Ten years, Dad broke his back for the railroad for ten years and they laid him off, leaving him unemployed with a new mortgage and us two boys to raise on his own. My little brother Jeremy and I became the poorest kids of our middle-class neighborhood. The unnurtured ones, the unsupervised ones, the ones who strayed the streets in the middle of the night. Feral beasts snapping at the moon. The ones sent into the store with a book of food stamps while our father waited in the car. And when we objected, because we had pride too, our father would say, “It doesn’t matter to me. You guys are the ones who want to eat. If you don’t want to eat, then fine, don’t use them.” We did want to eat. We were always hungry. 

This was around the same time I realized something was wrong with my balls. Not every morning, but most, I’d wake up with a dull pain in my gut. Not enough to be debilitating, just enough to be uncomfortable. And sometimes when I walked, I could hear a suction noise coming from down there. That was the worst part. A faint pulling a shoe from the mud-type-sound that I hoped nobody else could hear. At the time I was navigating through the beginning stages of puberty when everything is a bit strange anyway and I hoped this problem was just another symptom of becoming a man, like getting hair in places I never had hair before. But one afternoon I found the courage to bring it up. While getting dressed in the city pool locker room with my friend Ryan, I asked to see his balls. “To compare,” I said. And like a good friend, he obliged. His were both the same size and symmetrical and they were small, barely even there. Totally different from mine. I only had one, one gigantic ball, the size and shape of a mango. 

Even if I wanted to get it checked, Dad couldn’t afford the doctor, not without the insurance he lost with his job. Medical care was no different than a new pair of Jordans to my brother and me, just another luxury we couldn’t afford. Dad was constantly stressing about all the things we couldn’t afford. It was his version of preventative care. Staving us off with guilt prevented us from asking for things. Besides, what child wants to go to the doctor? 

 

 

My parents, like most, charged hard into the Win-One-for-the-Gipper-Day-Glo-Nuclear-American-Grudge-Fuck of the 1980s. They bought our first home the summer before I began grade school. No more trailers or cramped apartments for us. We were moving on up! As I’m thinking and writing about those early days on Everglade, it’s the smells that return more than anything. Milkweed, sunflowers and sage, the rain, creosote from the railroad tracks, smoke from mom’s Marlboro Lights. Pioneers smelled many of the same things, I imagined. The Oregon Trail crossed less than 100 miles from there. Perhaps the pioneers thought of it as the smell of some bright future, the way we did. We lived on the last street of the sub-division. Beyond our backyard was all prairie. Standing on the back deck, you could see the Great Plains unfold clear into Nebraska.  

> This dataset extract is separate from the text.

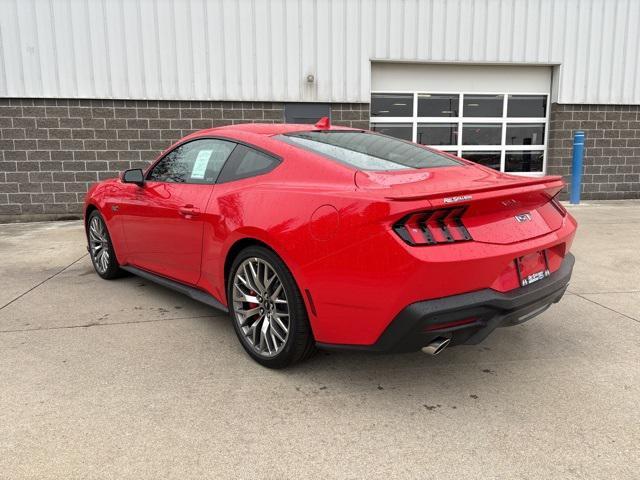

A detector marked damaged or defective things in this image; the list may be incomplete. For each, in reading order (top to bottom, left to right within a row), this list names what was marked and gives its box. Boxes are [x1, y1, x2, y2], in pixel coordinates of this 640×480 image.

That first summer in our home I saw a tornado back there. The sky turned from blue to black. The rain came down in sheets, then the hail. Just as quickly the rain and hail stopped and it became deathly quiet. A funnel poked out from the clouds. Just a little tail at first, but it kept stretching and reaching until it touched the horizon and it would suck the earth up into it and get bigger and louder until it sounded like a freight train was going to come barreling out of all that dust. Mom’s eyes widened with panic. So wide and blue. I noticed a vulnerability in her I had never seen before, like maybe she didn’t know what to do. This frightened me as much as the tornado. Parents always knew what to do. Dad was out of town cleaning up a derailment somewhere out west. Mom was our only protector. She hurried Jeremy and me under the stairs. She asked what two things we wanted to save in case everything blew away. I wanted my plastic cowboys and Indians. She ran upstairs and got them, along with her Marlboro Lights, a radio and stuffed animals for my brother. We stayed under there until the DJ on the radio said it was safe to come out. Some homes were left with their tops peeled back and some weren’t left at all. People stood in the wet street sobbing. One screamed, “Dear God please!” I wanted to tell him it was God’s fault in the first place. How did he not know this? I was just a dumb kid and I knew. 

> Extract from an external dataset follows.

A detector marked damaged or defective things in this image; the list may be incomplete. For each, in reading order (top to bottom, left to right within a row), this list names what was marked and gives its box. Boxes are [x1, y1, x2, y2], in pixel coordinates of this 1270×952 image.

It was only a couple of months later when I caught Dad bawling on the back deck. The first time I’d ever seen him cry. He wouldn’t tell me what was wrong but deep in the tissue of my heart I felt a sadness, a loss—like things would never be the same. Seeing my dad cry knocked my world off axis. I witnessed a secret world, the adult world, a world I wasn’t meant to see. One where your parents aren’t bulletproof. By that winter, they had split-up, living in different places. Dad took custody of my brother and me. We stayed in the house while Mom moved across town to a small basement apartment.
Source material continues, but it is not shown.